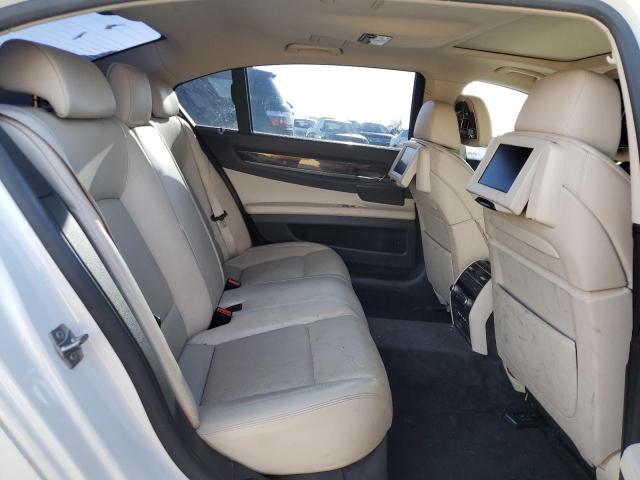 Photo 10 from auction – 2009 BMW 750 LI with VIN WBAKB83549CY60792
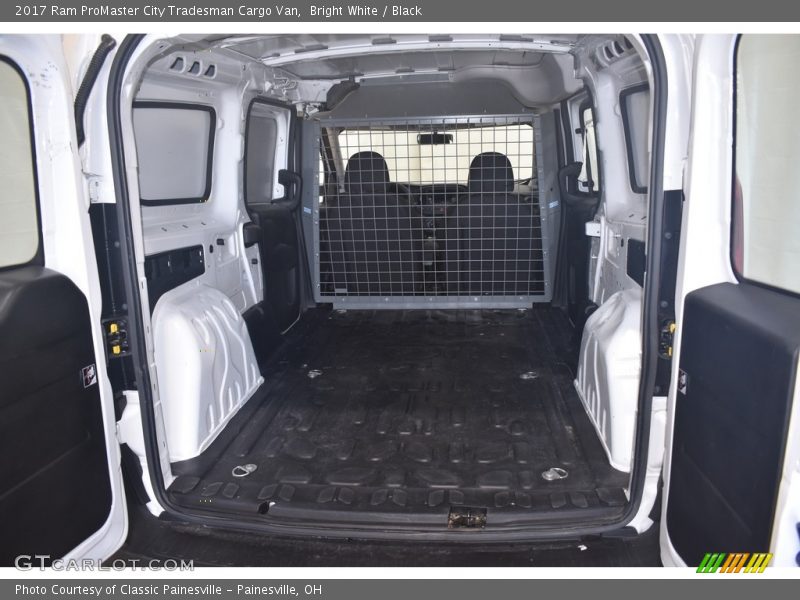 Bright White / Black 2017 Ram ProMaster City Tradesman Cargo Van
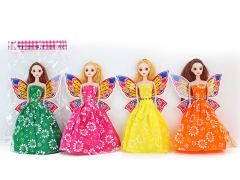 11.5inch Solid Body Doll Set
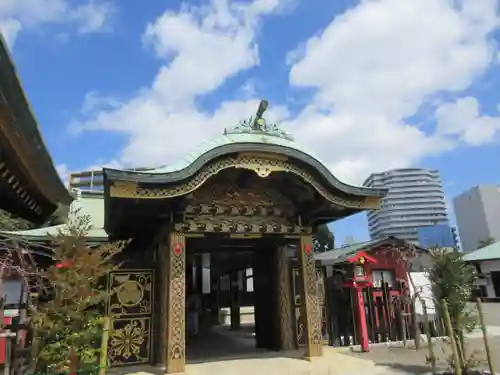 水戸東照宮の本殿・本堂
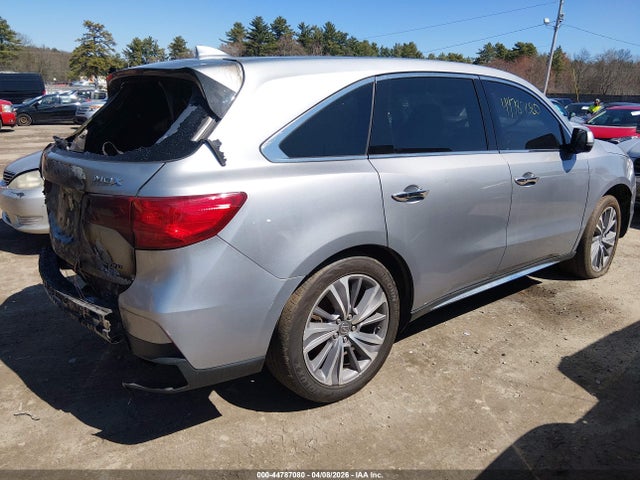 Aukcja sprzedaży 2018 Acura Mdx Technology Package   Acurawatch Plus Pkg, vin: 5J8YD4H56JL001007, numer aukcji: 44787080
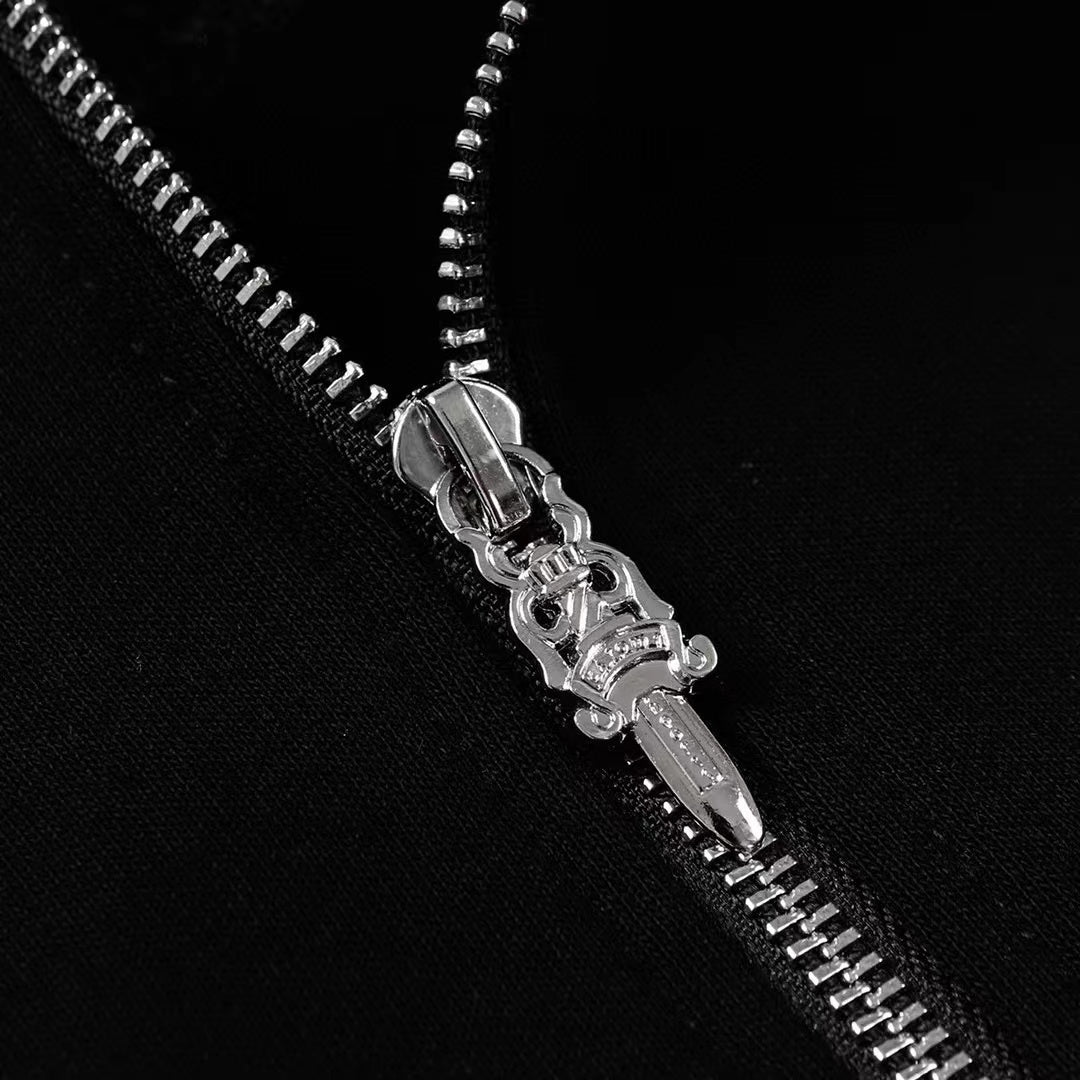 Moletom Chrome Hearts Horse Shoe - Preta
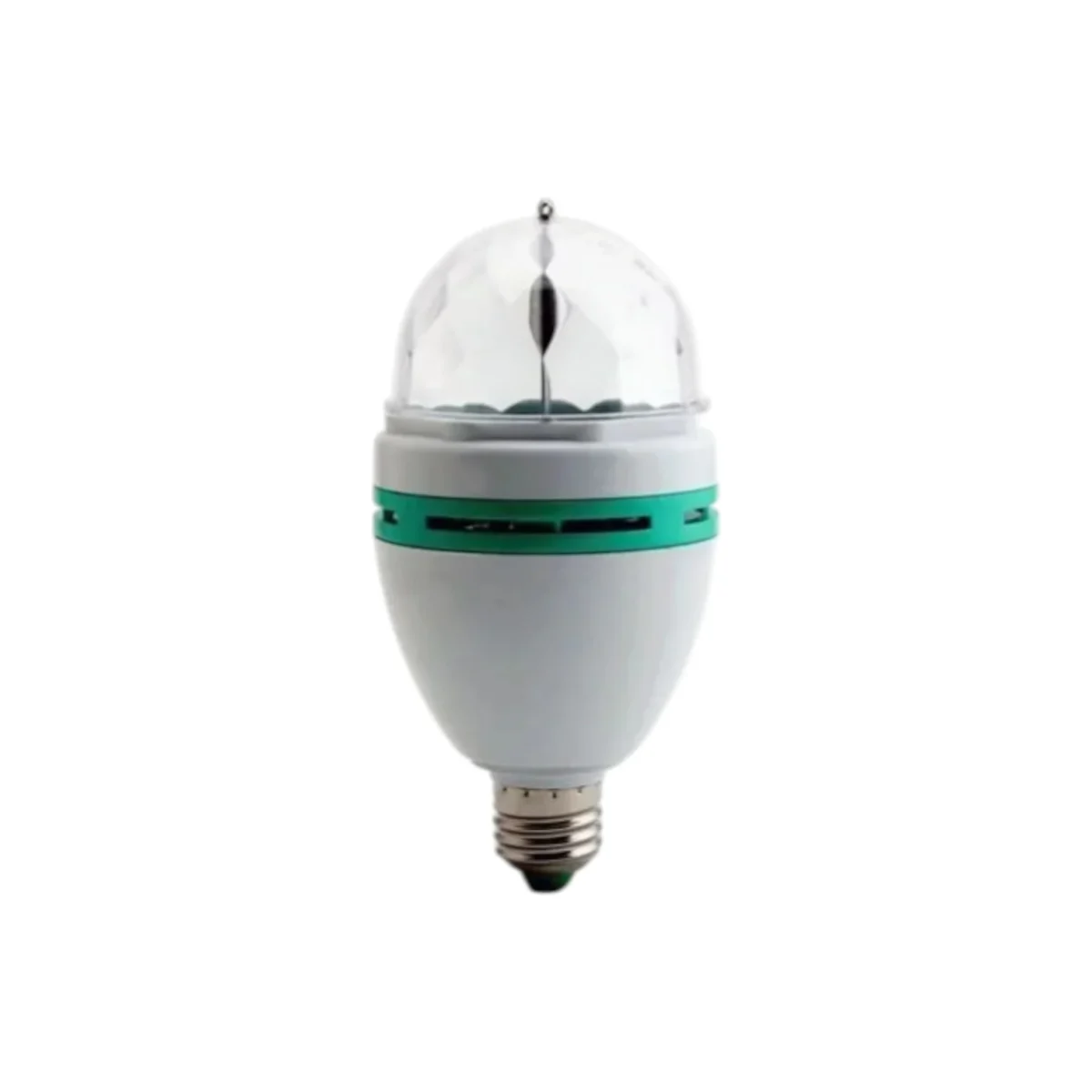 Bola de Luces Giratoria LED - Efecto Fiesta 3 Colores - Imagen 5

==============================

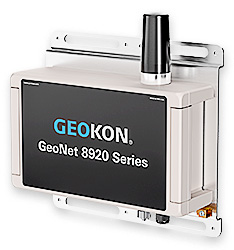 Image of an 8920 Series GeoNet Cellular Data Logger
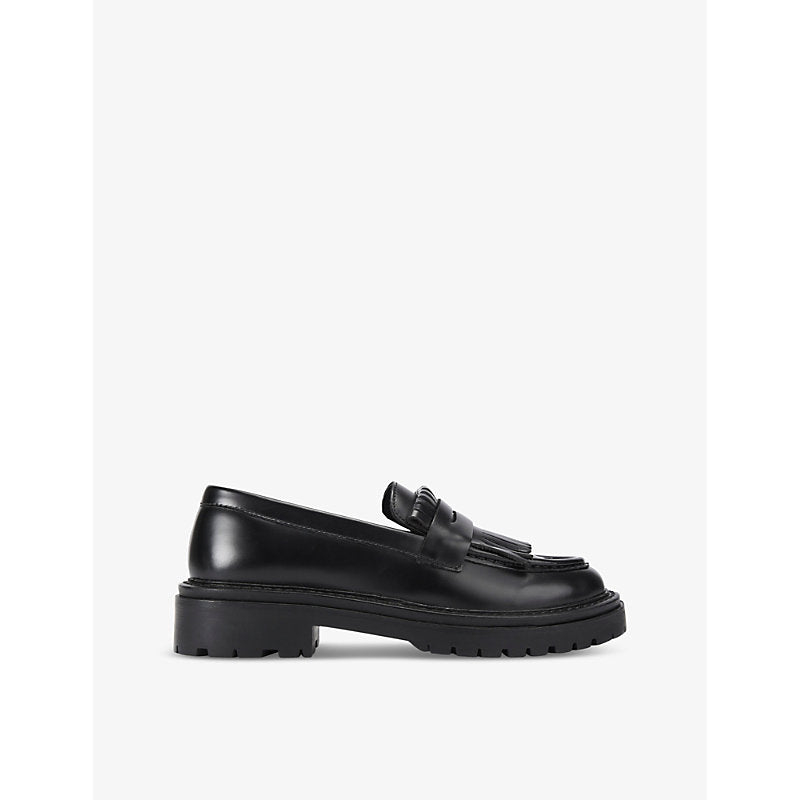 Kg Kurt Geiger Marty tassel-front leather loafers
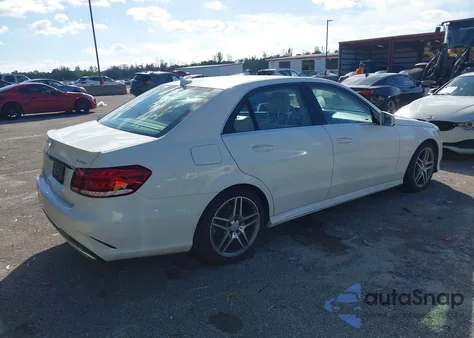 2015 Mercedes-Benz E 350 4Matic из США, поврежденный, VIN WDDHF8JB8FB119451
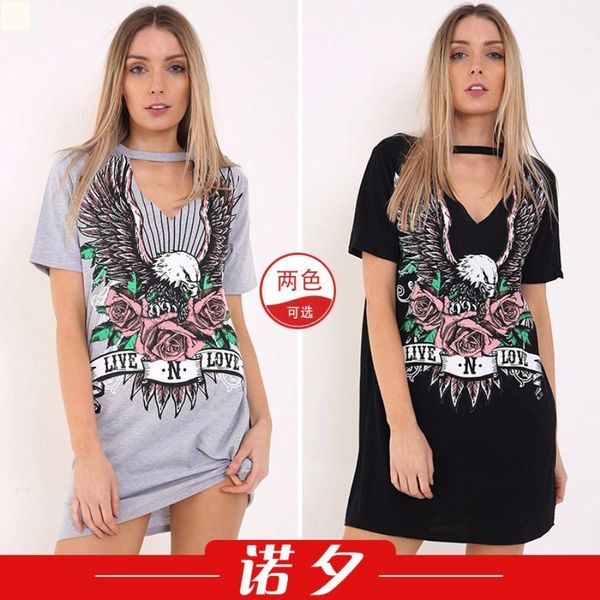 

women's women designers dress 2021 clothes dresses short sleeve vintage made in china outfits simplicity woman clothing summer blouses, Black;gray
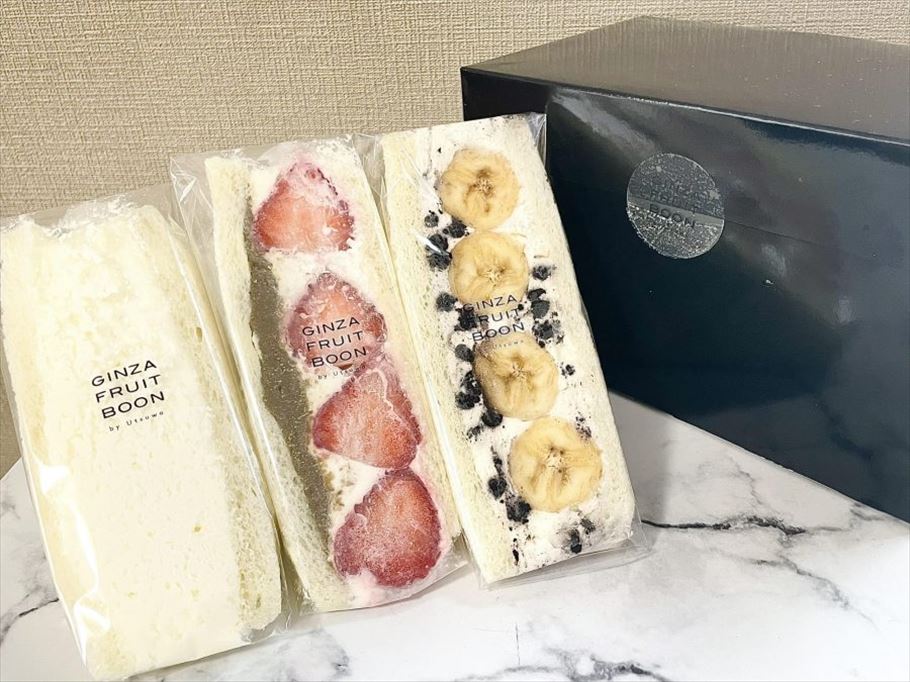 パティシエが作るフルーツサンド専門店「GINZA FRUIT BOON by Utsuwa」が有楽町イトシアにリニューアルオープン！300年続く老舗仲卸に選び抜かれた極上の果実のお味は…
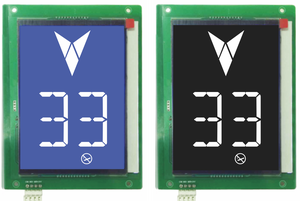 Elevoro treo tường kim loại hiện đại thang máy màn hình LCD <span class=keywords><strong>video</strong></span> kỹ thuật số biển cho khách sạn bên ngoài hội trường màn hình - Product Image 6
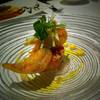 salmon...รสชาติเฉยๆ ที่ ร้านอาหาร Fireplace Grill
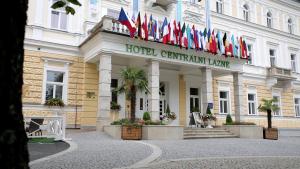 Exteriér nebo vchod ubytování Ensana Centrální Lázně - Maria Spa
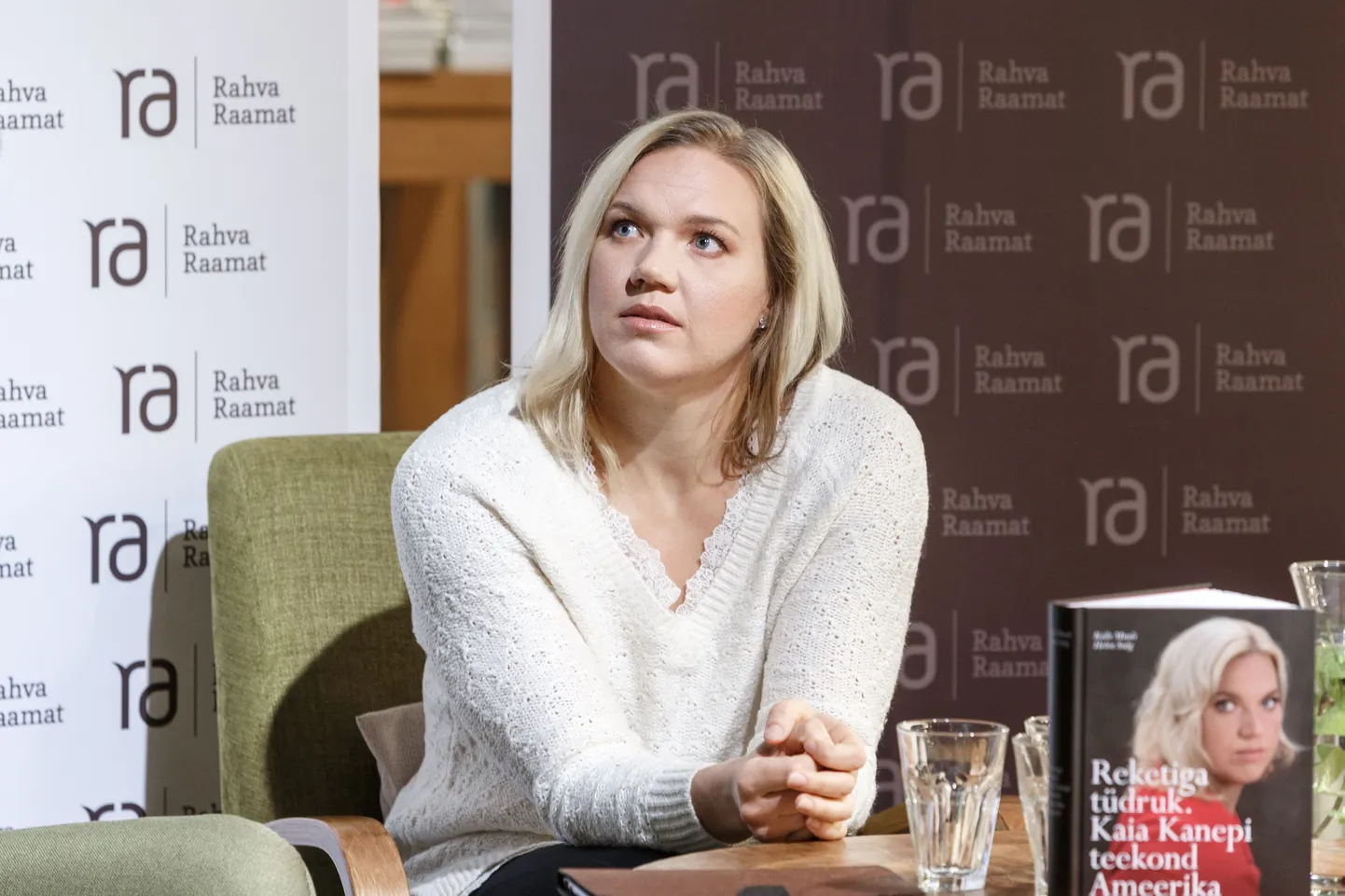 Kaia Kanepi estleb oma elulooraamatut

==============================

Above are entries with pictures among them. Write out exactly the lines from the one containing "Photo 10 from" through the one containing "Bola de Luces", ends included, and leave those pictures out.

**Response below:**
 Photo 10 from auction – 2009 BMW 750 LI with VIN WBAKB83549CY60792
 Bright White / Black 2017 Ram ProMaster City Tradesman Cargo Van
 11.5inch Solid Body Doll Set
 水戸東照宮の本殿・本堂
 Aukcja sprzedaży 2018 Acura Mdx Technology Package   Acurawatch Plus Pkg, vin: 5J8YD4H56JL001007, numer aukcji: 44787080
 Moletom Chrome Hearts Horse Shoe - Preta
 Bola de Luces Giratoria LED - Efecto Fiesta 3 Colores - Imagen 5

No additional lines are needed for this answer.